Maydena Enduro Jam 2022 | Laid back racing and a chance to earn EWS points

After the Enduro World Series announced its triumphant return to Australia would be postponed until 2023, Maydena Bike Park decided to fill the gap in its event schedule with a unique take on enduro racing. Combining the format of a jam session and a gravity enduro, Maydena’s Enduro Jam is scheduled for March 25-27; there’s racing, live music, a BBQ and a whip off.

Oh, and did we mention there is also $10,000 AUD in prizes up for grabs, and the event is an EWS qualifier!

Maydena Enduro Jam
Maydena Enduro Jam will be racing on the mountain for three days, with unlimited laps and a laid-back atmosphere.

The racing format

Like any enduro, there will be multiple timed descents each rider will need to complete. The difference here is there’s no pressure to lay down a race run first go, and riders can pack in as many laps as their body can handle during the racing window.

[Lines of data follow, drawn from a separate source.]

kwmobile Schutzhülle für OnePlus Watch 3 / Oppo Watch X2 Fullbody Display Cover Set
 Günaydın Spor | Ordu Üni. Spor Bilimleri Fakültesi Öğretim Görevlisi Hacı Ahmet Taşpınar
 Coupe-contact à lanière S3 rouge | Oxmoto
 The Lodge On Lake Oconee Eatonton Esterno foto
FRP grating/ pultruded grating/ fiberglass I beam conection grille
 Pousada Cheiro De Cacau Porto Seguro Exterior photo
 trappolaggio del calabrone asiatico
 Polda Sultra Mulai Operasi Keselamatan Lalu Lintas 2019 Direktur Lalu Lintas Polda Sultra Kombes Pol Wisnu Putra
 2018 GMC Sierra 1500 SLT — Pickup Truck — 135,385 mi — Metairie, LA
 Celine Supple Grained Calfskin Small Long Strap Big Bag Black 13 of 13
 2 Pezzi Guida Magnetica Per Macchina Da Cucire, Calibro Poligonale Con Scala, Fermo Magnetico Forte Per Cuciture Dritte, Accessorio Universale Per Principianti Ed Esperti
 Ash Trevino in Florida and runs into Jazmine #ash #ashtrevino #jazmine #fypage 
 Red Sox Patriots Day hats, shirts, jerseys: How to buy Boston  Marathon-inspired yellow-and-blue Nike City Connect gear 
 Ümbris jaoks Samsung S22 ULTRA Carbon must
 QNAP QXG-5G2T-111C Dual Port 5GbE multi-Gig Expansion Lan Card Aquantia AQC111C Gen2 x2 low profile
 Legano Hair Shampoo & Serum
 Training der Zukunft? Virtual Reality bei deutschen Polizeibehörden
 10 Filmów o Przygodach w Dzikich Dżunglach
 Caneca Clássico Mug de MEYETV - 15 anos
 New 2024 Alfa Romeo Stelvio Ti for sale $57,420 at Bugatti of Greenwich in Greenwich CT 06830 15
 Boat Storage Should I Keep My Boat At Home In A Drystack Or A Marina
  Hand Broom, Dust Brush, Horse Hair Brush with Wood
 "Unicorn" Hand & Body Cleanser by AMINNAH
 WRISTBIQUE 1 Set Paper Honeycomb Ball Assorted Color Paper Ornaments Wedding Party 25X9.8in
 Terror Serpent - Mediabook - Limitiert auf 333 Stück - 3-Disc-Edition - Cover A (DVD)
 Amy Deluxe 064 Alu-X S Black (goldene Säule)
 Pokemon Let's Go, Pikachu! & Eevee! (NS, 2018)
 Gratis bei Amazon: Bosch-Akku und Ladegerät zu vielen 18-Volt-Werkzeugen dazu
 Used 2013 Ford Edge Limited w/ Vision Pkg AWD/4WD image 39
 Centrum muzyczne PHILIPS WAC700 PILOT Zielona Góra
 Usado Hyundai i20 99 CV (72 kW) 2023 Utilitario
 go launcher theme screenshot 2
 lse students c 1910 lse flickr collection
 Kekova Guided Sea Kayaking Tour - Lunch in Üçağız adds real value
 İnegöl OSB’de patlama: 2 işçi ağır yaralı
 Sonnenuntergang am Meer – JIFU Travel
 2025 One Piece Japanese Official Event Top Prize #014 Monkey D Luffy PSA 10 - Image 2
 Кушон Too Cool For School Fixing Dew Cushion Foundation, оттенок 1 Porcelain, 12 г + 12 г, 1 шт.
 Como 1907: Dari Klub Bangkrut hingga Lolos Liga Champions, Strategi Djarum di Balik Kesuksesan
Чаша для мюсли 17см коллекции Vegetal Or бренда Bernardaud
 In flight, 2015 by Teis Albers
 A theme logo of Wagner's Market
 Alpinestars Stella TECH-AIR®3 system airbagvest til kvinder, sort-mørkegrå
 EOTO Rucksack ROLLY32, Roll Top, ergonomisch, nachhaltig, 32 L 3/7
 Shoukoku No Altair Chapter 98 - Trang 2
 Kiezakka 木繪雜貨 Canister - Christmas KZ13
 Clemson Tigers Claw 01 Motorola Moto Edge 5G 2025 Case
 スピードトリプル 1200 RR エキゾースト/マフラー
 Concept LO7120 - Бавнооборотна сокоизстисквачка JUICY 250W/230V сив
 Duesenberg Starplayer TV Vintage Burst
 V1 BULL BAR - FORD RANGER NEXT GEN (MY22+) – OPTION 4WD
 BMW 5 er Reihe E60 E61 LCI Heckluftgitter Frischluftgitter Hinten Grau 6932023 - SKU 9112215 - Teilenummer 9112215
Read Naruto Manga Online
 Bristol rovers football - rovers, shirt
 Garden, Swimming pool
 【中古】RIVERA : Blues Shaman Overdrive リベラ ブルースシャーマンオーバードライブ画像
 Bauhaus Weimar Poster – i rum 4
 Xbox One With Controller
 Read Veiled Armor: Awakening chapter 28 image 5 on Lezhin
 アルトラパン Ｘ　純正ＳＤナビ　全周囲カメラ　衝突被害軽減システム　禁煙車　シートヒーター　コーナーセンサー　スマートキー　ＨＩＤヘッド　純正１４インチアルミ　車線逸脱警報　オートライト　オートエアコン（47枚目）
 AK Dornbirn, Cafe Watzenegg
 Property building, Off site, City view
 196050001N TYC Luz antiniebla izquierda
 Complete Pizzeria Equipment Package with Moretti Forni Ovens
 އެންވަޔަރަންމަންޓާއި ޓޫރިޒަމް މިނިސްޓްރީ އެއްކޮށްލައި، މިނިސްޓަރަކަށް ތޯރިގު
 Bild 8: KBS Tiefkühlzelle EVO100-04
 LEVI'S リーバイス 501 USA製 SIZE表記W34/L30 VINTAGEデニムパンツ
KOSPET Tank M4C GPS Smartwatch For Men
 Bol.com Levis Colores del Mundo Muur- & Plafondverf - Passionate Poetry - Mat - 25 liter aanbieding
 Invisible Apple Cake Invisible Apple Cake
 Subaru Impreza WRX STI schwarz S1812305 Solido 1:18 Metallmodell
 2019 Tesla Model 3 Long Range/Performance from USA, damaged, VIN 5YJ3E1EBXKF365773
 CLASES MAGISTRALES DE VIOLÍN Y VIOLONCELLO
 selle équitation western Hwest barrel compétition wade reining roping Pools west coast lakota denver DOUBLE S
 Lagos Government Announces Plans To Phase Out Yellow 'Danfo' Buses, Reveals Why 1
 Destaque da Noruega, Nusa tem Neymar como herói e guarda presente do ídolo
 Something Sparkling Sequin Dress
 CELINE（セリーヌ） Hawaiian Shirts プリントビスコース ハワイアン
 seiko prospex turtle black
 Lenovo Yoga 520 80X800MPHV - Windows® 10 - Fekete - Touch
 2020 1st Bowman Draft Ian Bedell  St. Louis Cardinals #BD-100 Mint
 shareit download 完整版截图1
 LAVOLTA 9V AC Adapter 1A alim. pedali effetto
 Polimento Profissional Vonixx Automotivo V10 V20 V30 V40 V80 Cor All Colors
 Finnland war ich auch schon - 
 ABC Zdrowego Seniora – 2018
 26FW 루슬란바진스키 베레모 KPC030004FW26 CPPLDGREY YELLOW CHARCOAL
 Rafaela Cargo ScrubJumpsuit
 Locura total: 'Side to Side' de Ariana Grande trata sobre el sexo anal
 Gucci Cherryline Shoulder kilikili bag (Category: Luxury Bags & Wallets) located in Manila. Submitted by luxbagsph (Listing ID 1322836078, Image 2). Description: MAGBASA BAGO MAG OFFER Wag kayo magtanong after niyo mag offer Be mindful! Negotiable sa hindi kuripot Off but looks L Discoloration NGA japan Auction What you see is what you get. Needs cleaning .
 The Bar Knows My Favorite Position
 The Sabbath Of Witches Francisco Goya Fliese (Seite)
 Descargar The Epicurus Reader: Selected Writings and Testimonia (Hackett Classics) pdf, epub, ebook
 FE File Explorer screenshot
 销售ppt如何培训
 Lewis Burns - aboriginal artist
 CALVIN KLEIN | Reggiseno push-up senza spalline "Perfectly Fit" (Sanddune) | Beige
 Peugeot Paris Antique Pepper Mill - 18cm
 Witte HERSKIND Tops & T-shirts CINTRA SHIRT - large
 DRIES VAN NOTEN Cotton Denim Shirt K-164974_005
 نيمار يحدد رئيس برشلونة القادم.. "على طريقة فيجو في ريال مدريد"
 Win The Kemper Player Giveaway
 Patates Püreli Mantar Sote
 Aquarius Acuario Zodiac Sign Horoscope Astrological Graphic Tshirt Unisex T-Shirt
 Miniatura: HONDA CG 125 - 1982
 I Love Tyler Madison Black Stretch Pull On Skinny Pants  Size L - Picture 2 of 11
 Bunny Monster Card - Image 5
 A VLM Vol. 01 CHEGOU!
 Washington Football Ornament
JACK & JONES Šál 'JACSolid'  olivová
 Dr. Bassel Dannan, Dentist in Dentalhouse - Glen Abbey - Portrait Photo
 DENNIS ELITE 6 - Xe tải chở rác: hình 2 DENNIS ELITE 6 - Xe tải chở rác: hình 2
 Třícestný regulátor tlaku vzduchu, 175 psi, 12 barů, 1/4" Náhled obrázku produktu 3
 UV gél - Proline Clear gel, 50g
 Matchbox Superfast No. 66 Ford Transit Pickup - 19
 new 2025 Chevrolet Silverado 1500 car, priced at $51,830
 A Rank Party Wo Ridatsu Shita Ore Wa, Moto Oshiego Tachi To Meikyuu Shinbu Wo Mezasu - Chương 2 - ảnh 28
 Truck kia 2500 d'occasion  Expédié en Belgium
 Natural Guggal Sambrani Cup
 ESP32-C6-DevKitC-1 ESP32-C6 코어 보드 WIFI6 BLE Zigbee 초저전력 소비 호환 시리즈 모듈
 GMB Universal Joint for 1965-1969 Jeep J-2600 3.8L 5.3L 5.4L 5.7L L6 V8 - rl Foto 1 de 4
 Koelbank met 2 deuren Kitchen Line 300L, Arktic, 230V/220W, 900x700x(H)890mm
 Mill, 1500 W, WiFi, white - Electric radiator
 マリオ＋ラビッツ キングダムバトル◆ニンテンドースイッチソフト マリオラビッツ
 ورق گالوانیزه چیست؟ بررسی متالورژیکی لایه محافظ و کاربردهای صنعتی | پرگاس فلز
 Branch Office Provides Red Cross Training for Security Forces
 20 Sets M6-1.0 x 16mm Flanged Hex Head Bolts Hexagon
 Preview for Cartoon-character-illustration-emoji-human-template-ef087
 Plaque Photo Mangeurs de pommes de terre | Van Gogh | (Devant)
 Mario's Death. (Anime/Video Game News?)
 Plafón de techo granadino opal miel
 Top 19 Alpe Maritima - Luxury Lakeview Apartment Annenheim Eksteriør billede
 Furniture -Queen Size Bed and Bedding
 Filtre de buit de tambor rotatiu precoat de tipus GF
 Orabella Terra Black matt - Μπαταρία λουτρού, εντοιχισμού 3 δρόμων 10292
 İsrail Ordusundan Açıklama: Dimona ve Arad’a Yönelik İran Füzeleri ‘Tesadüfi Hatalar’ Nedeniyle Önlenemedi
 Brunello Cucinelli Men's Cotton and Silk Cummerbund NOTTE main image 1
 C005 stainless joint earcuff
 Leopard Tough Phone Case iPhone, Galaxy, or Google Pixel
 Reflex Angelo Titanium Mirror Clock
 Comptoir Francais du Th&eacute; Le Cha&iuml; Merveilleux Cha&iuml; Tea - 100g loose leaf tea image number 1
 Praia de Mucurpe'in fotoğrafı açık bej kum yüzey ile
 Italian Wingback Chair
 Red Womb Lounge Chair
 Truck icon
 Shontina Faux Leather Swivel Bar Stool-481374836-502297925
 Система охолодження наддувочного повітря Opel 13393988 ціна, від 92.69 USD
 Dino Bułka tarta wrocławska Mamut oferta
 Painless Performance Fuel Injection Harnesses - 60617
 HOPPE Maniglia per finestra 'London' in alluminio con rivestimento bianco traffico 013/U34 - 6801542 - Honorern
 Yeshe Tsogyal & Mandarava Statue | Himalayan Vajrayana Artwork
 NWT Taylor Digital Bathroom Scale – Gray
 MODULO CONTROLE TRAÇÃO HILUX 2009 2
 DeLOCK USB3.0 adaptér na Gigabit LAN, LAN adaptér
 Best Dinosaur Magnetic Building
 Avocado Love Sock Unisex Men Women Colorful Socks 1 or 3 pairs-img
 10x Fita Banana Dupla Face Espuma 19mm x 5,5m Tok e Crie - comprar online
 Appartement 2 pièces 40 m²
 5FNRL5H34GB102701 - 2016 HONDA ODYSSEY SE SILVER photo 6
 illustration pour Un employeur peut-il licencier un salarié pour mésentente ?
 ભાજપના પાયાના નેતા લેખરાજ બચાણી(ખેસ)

“We’ll set three racecourses each day, most of which will include multiple combinations of trails. We’ll use intermediate (blue square) and advanced (black diamond) trails for the Open Jam and an additional double black diamond trail for the Pro Jam,” says Maydena head honcho Simon French.

“It’s more of a social format, and you can basically hang out and ride whichever course you want, as many times as you want, over the day,” he says.

With so much time to dial in your race run, there’s no need to worry about bonking on the liaison back to the top because shuttles will be running all day. Only the fastest time on each stage will count towards your overall time so that you can race at your leisure.

The format isn’t entirely unique and loosely follows a similar modus-operandi to Thredbo’s SuperEnduro. Still, with over 70 trails on the mountain, Enduro Jam can feature more than one course each day.

The final shuttle will head up the mountain at 4 pm sharp, and the awards ceremony and leaders jersey presentation will happen at 5:30 pm.

Despite the cruisy racing atmosphere, the enduro jam is also an EWS qualifier, meaning there are series points up for grabs.

There is a sizeable prize purse up for grabs, and the event also presents the opportunity to earn some EWS points.


Open and Pro Jam

Maydena can be pretty intimidating and is home to some of the country’s most challenging and technical trails, and with that there are two racing categories — the Open Jam and Pro Jam.

The Open Jam will feature two stages per day and only take riders down the bike park’s blue and black trails. There will undoubtedly be a few challenges along the way — it is a race after all — but we expect confident intermediate riders will be able to handle what’s thrown their way and then have time to dial in their lines throughout the day.

“The idea is there will be a timing system set up on all the courses throughout the day, and riders can just log as many laps as they want, with only the fastest lap progressing through as their time for the day.”

According to French, the Open Jam would be suitable for intermediate riders and will only include blues and single black diamond courses.

The Pro Jam will happen on the same two stages as the Open Jam, but with an additional course that follows some of Maydena’s properly rowdy trails. French tells us these are be the very trails that EWS riders would have come up against had the event gone ahead this year.

“The Pro Jam allows us to use some of the more advanced trails we have not raced before. In addition, by separating a pro category, we can include some trails that are a little more daunting and stretch the upper end of the field without excluding the rest of the race field,” says French.

With the Open category only having two stages each day and a six-and a half-hour window to put down your fastest time, it also means there will be ample opportunities to take a detour and make your way to the Pro course to watch the best gravity enduro racers in the country do their thing at Maydena.

The Pro Jam will feature an additional stage down some of Maydena’s species trails. French tells us these stages will be the same that would have been debuted at the EWS.

Both the Open and Pro Jam will have men’s and women’s age group categories from U13 all the way up to 50+.

While this event came to fruition this year because the EWS was postponed, French also tells Flow that it won’t be a one-off, and Maydena will be investing the time and effort to grow the Endro Jam in the coming years.

The course

With the event coming up this weekend, Maydena has revealed what trails will be used for both the Open and Pro Jams.

Friday, March 25

Saturday, March 26

Sunday, March 27

Kids and Sample Jam

From the Wilderness Trail to some of Maydena’s most challenging trail, the Enduro Jam a ton of variety into what looks to be a pretty rad weekend of racing.

The whip off

After the rider presentations, the spotlight will move to the dirt jumps for a whip off on Saturday evening. Again, it’s a tried and true format; the rider who gets the closest to 90-degrees wins — there will undoubtedly be some perpendicular bikes and big crashes.

At the same time, the bike park will fire up the BBQ and make sure the cold drinks are flowing, and Tassie artist Pete Cornelius will be playing a live set in the base area.

Entries for Maydena Enduro Jam are open now; pop on over to the Maydena website to register.

Whip offs are always a great event to do some heckling, especially when you throw in a BBQ, beers and some live music — is there a better way to spend a Saturday evening? We can’t think of one.